Ecke heißt Corner und der Rotweinschweizer meint kurz nach Anpfiff, das Spiel würde heute eh im Penaltyschießen entschieden werden. Die Schweiz ist fußballerisch von England kolonialisiert worden. Die Whiskykurve hat zwei Fanzines, eins heißt Hafenschlampe und wird von einem Archäologen heraus gegeben. Feinster Lesestoff. Neben mir ein exilierter Rathenower, leider war DER ESTE nicht da, der gern mal die ganze Kurve mit nur sehr wenig müffelndem estnischem Trockenfisch abfüllt.

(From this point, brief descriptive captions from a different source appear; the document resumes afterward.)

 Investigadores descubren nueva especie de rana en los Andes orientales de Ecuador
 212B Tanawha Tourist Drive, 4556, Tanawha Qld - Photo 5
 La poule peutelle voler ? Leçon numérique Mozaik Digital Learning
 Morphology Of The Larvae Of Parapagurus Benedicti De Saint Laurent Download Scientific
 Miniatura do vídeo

Bei Kreuzlingen kickt mit Konde ein ehemaliger Bundesligaprofi. Meist trabte er gelassen übers Feld. Die Schweiz scheint für viele Altprofis kurz vor der Schlachtbank eine nette Adresse zu sein. Wie überall auf der Welt, ist unter den Zuschauern ein Ostler. Der Rathenower meint, womöglich würden die Deutschen wegen der dicken Autos und des ewigen Kopfnickens „Schwaab“ genannt.  Das mit dem Kopfnicken habe ich nicht verstanden, mag am Schützengrabenbier (oder so ähnlich) gelegen haben.

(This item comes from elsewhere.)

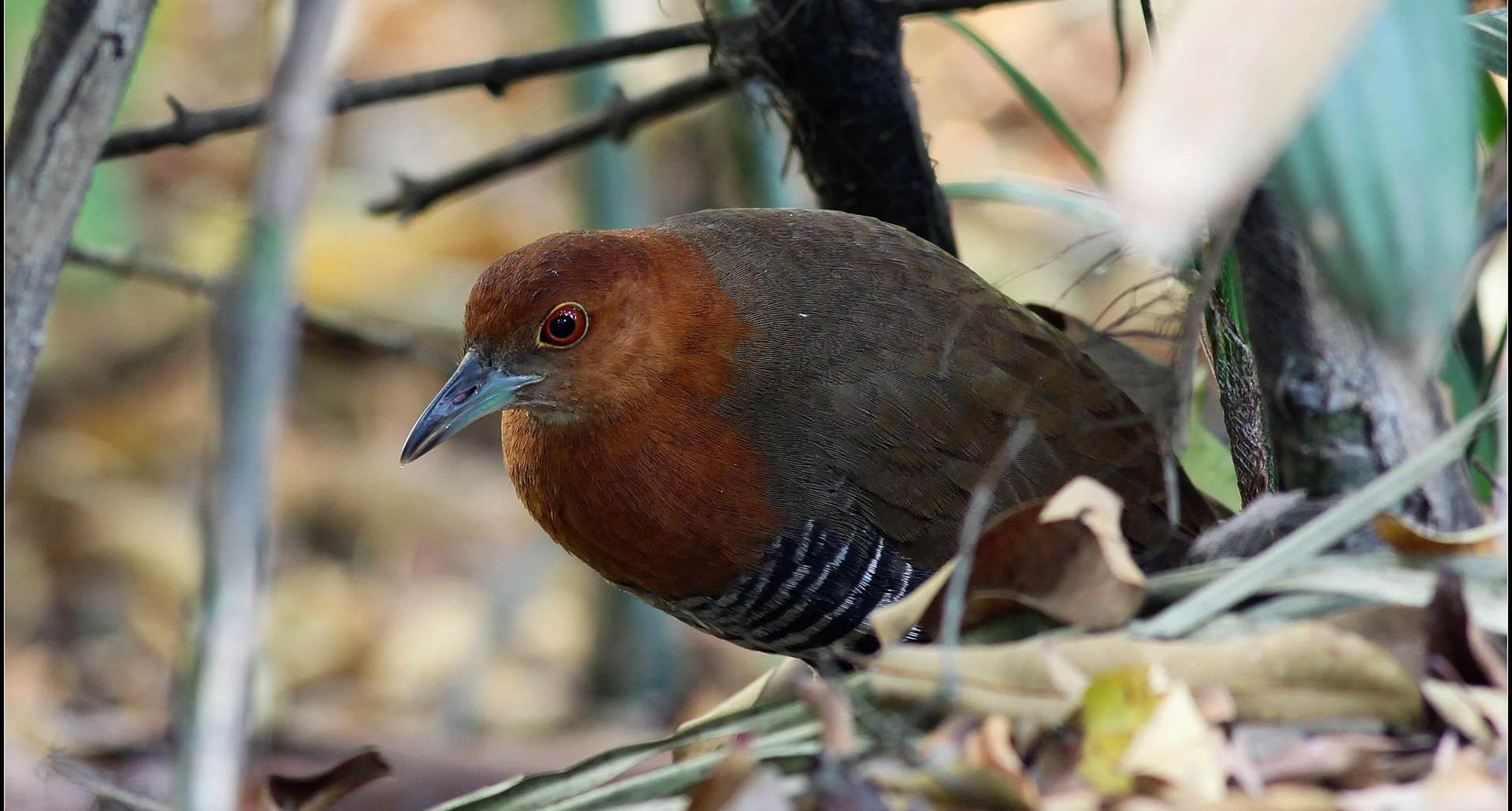 死而复生只是凭空臆想?早已灭绝的白喉秧鸡,是如何原地复活的?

Die Hoffnung heißt Zwetschgen-Lutz

Ein Herr Bela Volentik begründete 1935 seine Trainerkarriere in Kreuzlingen, die ihn über diverse europäische Großvereine wie Sporting Lissabon, irgendwann zum BFC Dynamo nach Ostberlin führte. Um 1967 betreute er die Dynamokicker. Dieser Umstand ist die Ursache der  letztjährigen Forschungsreise einiger Kreuzlinger ins Berliner Schwabenparadies Hohenschönhausen.

Kurz vor Spielende fällt endlich das erste Tor. Leider für den Gegner. Nun wechselt der Kreuzlinger Trainer Zwetschgen-Lutz ein. Der schiebt ein feines Bäuchlein vor sich her und ist mir auf Anhieb sympathisch. Mein vom Schützengrabenbier (oder so ähnlich) verfeinerter Schnabel tiriliert gemeinsam mit der Whiskykurve in den höchsten Tönen.

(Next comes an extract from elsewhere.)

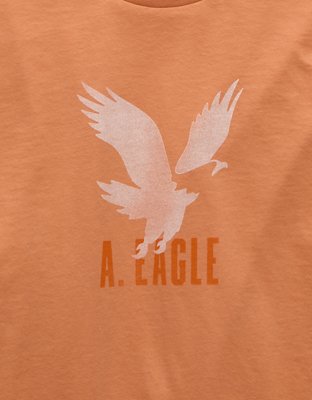AE Logo Graphic T-Shirt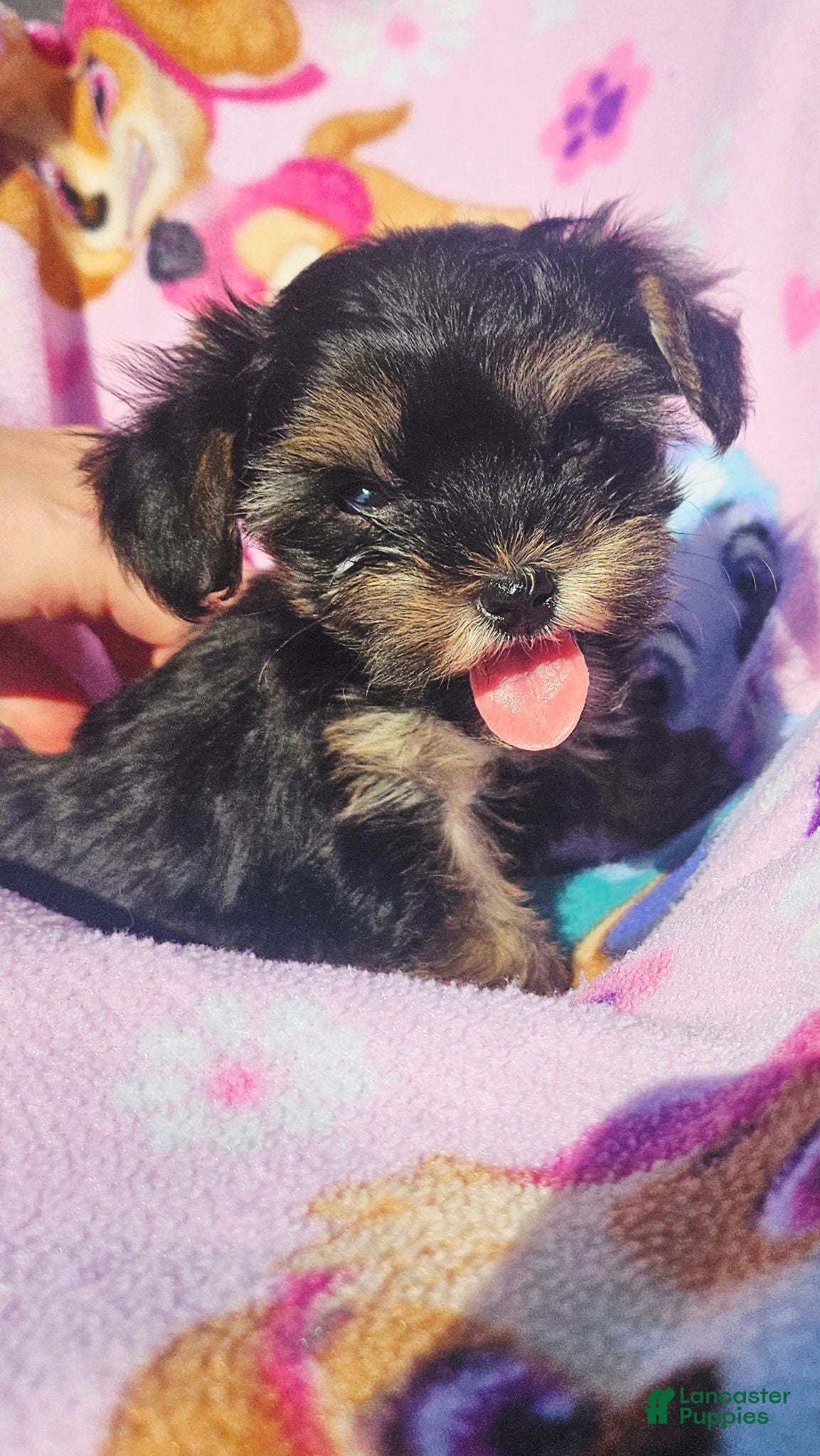 Morkie dogs for sale: Molly  - Ad 1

Der Schiedsrichter hat ein Einsehen und lässt etliche Minuten nachspielen. Wer sollte es anders sein als Zwetschgen-Lutz (vielleicht habe ich, was den Namen betrifft, etwas falsch verstanden), der mit einem feinem Solo auf der linken Seite Kreuzlingen glücklich macht. 1:1 in der 96. Minute, es geht in die Verlängerung. Nach jeweils zwei weiteren Toren muss das Elfmeterschießen, bzw. das Schützengrabenbier (oder so ähnlich) entscheiden. Ich trabe mit vielen neuen Freunden hinter das Tor.

Wir haben dort nicht spielentscheidend gepöbelt. Glaube ich. Den Schiedsrichter juckt's nicht, den gegnerischen Torwart schon. Kreuzlingen gewinnt selbstverständlich das Elfmeterschießen. Im Vereinsheim lerne ich nun ein weiteres Nationalgetränk der Schweizer kennen. Es besteht aus einem kräftigen Teil Zwetschgenschnaps. Hinzu kommt ein wenig warmes Wasser, ein Schuss Kaffee und etwas Zucker. Es hört merkwürdigerweise ebenfalls auf den Namen Zwetschgen-Lutz.